He's a friggin' TIME LORD.
posted by Jimbob at 4:01 AM on April 29, 2011


I mostly got the 'symbol of Britain' thing from TV Tropes.
posted by Lovecraft In Brooklyn at 4:04 AM on April 29, 2011


Sorry, I thought you were talking about welfare rather than government jobs.
posted by gronkpan at 4:19 AM on April 29, 2011


Talking of Dr Who...
posted by Jimbob at 4:33 AM on April 29, 2011


Somebody has to keep an eye on Davros.

Oh, that's the Duke. My bad.
posted by obiwanwasabi at 4:38 AM on April 29, 2011 [2 favorites]


Kate Middleton is also the Duchess of Cambridge! Cool!
posted by allure at 5:11 AM on April 29, 2011


I thought Gronkpan was referring to you saying that Australians have no rights, not to Knight's bit about parliament?

Maybe *ask* some Brits if they think the Doctor is a symbol of themselves, rather than reading a TV wiki. There's plenty of them in the most recent Who thread, I'm sure they'd love to chat about it if asked nicely. The internet lets you learn about international culture by talking to actual international people, it's amazing!

Personally, I'd think that he's not so much symbolic of Britishness as of intellect and romance, but the show itself is obviously, undeniably steeped in British ways of thinking.

Topic? Oh. Um. Is it just me, or are there more wacky costumes in the crowd for this royal wedding than is usual? If so, that's a good sign for the monarchy being about as symbolic as a footy team mascot, rather than a real political force. The Windsors are afraid of the Chasers making fun of them, but damn, there's a woman in a home-made Union Jack dress with a collage of paparazzi pics of Diana, William, Kate and some babies on her hat.
posted by harriet vane at 5:29 AM on April 29, 2011 [1 favorite]


It might very well be cheaper to employ a teapot than a monarch, but I think it might be rather difficult to keep the generals in line with such a system.

...with the minor exception of every advanced-industrial democratic republic in the world.
posted by ROU_Xenophobe at 5:39 AM on April 29, 2011


They showed The Chaser on the BBC a few years ago - a compilation show - and I just didn't get it. It seemed a kind of crude satire based on the work of Jeremy Beadle. It doesn't surprise me enormously that they've gone for the controversy jugular. Offending people is cheap humour, and it's kept Frankie Boyle in biscuits long after he used up his talent.
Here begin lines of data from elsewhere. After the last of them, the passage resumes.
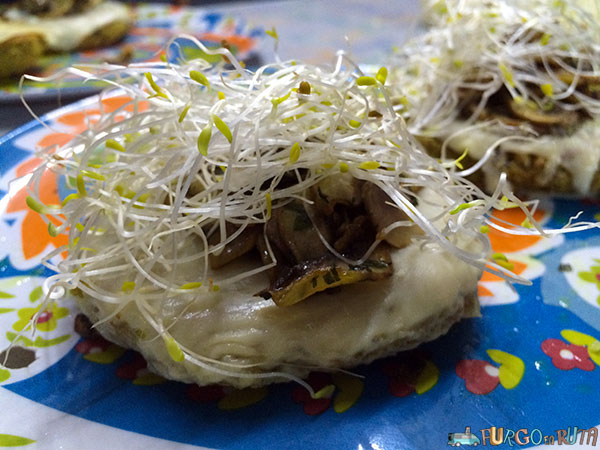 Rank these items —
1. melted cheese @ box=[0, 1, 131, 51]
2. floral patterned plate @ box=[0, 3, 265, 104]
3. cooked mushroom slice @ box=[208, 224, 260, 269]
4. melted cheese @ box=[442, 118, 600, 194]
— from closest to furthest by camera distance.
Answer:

I am British, I am ambivalent toward Dr Who, and I've been spending the wedding folding t-shirts. Most of us are just glad for the extra day off and the prospect of a party here and there.
posted by mippy at 5:47 AM on April 29, 2011 [1 favorite]
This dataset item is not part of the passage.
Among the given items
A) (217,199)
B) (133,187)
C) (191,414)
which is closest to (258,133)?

(Although, as an aspiring dressmaker, I was interested to see the frock. Diana's was a horrid meringue that ruined British wedding albums for at least a decade.)
posted by mippy at 5:49 AM on April 29, 2011


I had a bit of it on in the background, but have switched it off to focus on my productive pursuits (playing XBox).
I tend to think of The Chaser as 'the best we've got'. If someone can point me to an Aussie version of The Daily Show I'd be grateful. Would love for John Safran to come back to TV.
posted by Lovecraft In Brooklyn at 5:50 AM on April 29, 2011


Kate Middleton is also the Duchess of Cambridge! Cool!
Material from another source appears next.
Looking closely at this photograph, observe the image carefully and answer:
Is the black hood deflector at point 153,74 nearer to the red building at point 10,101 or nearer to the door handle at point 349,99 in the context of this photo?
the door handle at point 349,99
Yes, HRH Prince William has been rightly invested with a new title upon this, his wedding day, with Princess Catherine (not "Kate", thank you), his beautiful bride, becoming HRH the Duchess of Cambridge.

But this noble bauble is merely the first sprinkling of honour that his High Royal Princiness has been imbibed with by Her Glorious Britannic Majesty.

William will also take the following titles, in accordance with just and ancient prerogatives:

- Earl of Strathearn
- Baron Carrickfergus
- Count Funkula
- Baron Harkonen of of Giedi Prime
- Lord Warden of the Cinque Privies
- Lenny from the Simpsons
- That Indian guy from the Newsagent; and
- Horace the Unwieldy

Truly a day of rejoicing for our guady nation. GOD SAVE THE QUEEN.
posted by the quidnunc kid at 7:15 AM on April 29, 2011 [10 favorites]


Would this be a good time for me, as an American, to explain to everyone else why every other country should be just like mine?
posted by shakespeherian at 7:44 AM on April 29, 2011


Would this be a good time for me, as an American, to explain to everyone else why every other country should be just like mine?

Sure, the thread's almost dead though. Start up something new and let's take it from there.
posted by the noob at 7:54 AM on April 29, 2011


But for those of us in the Crown Commonwealth, when we tear down our monarchy, when we tear down its dignity and mystique, we tear down a pillar of our democracy and freedom. And yes, that dignity and mystique may well be an illusion, but it is a useful illusion, and every bit as important as those other illusions of the kindness of humanity and the majesty of democracy, that animate our society and bring out the best in it and in us.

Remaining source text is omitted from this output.